WORK REQUEST: Give back the records that follow exactly, images excluded.

*** Opening INFORMATION SHOWN ***

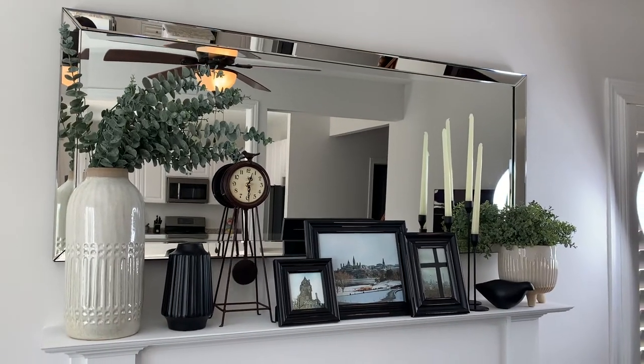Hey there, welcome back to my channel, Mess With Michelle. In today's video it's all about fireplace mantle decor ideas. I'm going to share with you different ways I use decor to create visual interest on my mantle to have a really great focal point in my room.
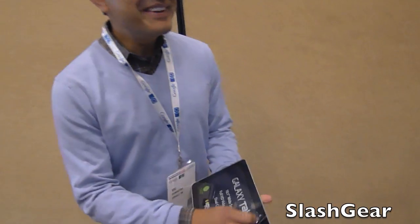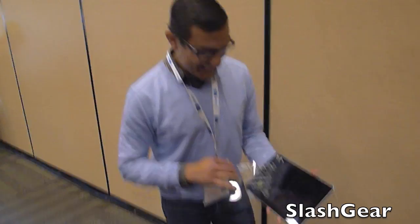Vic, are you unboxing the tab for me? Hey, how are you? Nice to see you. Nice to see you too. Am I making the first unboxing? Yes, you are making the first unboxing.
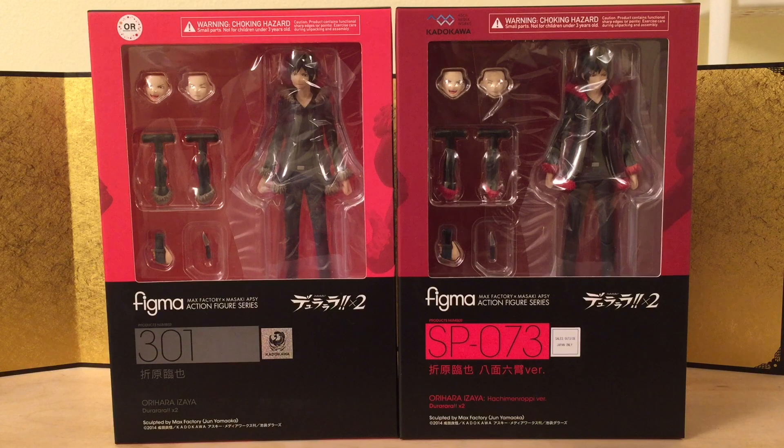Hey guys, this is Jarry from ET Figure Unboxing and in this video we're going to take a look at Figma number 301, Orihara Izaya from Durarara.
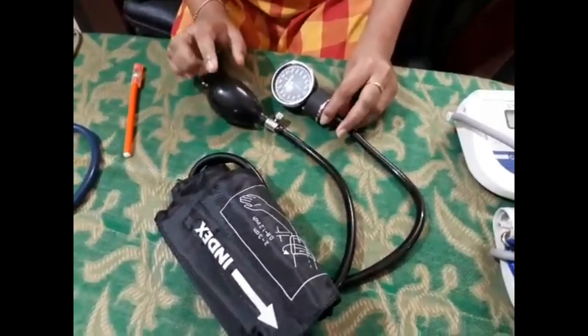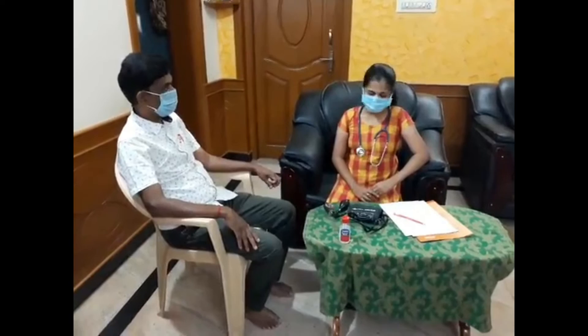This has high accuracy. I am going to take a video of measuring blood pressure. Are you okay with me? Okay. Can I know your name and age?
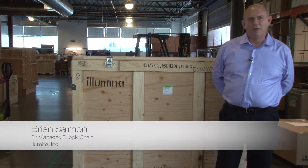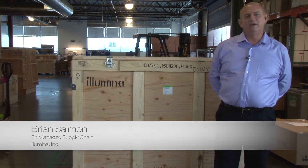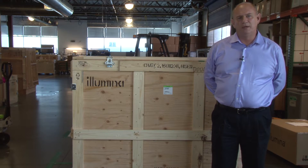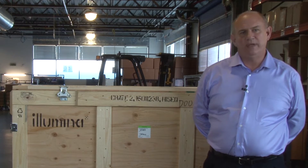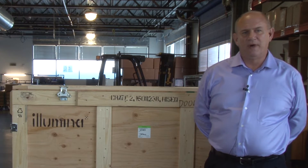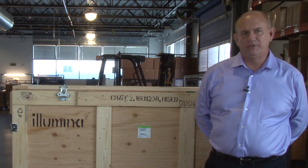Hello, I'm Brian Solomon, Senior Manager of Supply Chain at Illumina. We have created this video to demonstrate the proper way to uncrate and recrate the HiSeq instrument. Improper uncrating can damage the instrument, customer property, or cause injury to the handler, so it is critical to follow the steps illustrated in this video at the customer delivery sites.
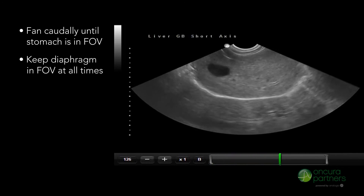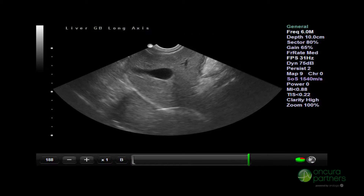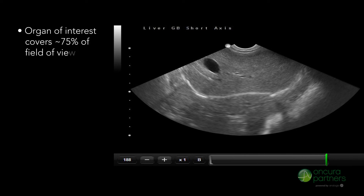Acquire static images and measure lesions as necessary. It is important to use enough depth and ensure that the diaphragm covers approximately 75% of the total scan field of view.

*** Closing INFORMATION SHOWN ***

RESULT OF THE EXERCISE:
Hey there, welcome back to my channel, Mess With Michelle. In today's video it's all about fireplace mantle decor ideas. I'm going to share with you different ways I use decor to create visual interest on my mantle to have a really great focal point in my room.
Vic, are you unboxing the tab for me? Hey, how are you? Nice to see you. Nice to see you too. Am I making the first unboxing? Yes, you are making the first unboxing.
Hey guys, this is Jarry from ET Figure Unboxing and in this video we're going to take a look at Figma number 301, Orihara Izaya from Durarara.
This has high accuracy. I am going to take a video of measuring blood pressure. Are you okay with me? Okay. Can I know your name and age?
Hello, I'm Brian Solomon, Senior Manager of Supply Chain at Illumina. We have created this video to demonstrate the proper way to uncrate and recrate the HiSeq instrument. Improper uncrating can damage the instrument, customer property, or cause injury to the handler, so it is critical to follow the steps illustrated in this video at the customer delivery sites.
Acquire static images and measure lesions as necessary. It is important to use enough depth and ensure that the diaphragm covers approximately 75% of the total scan field of view.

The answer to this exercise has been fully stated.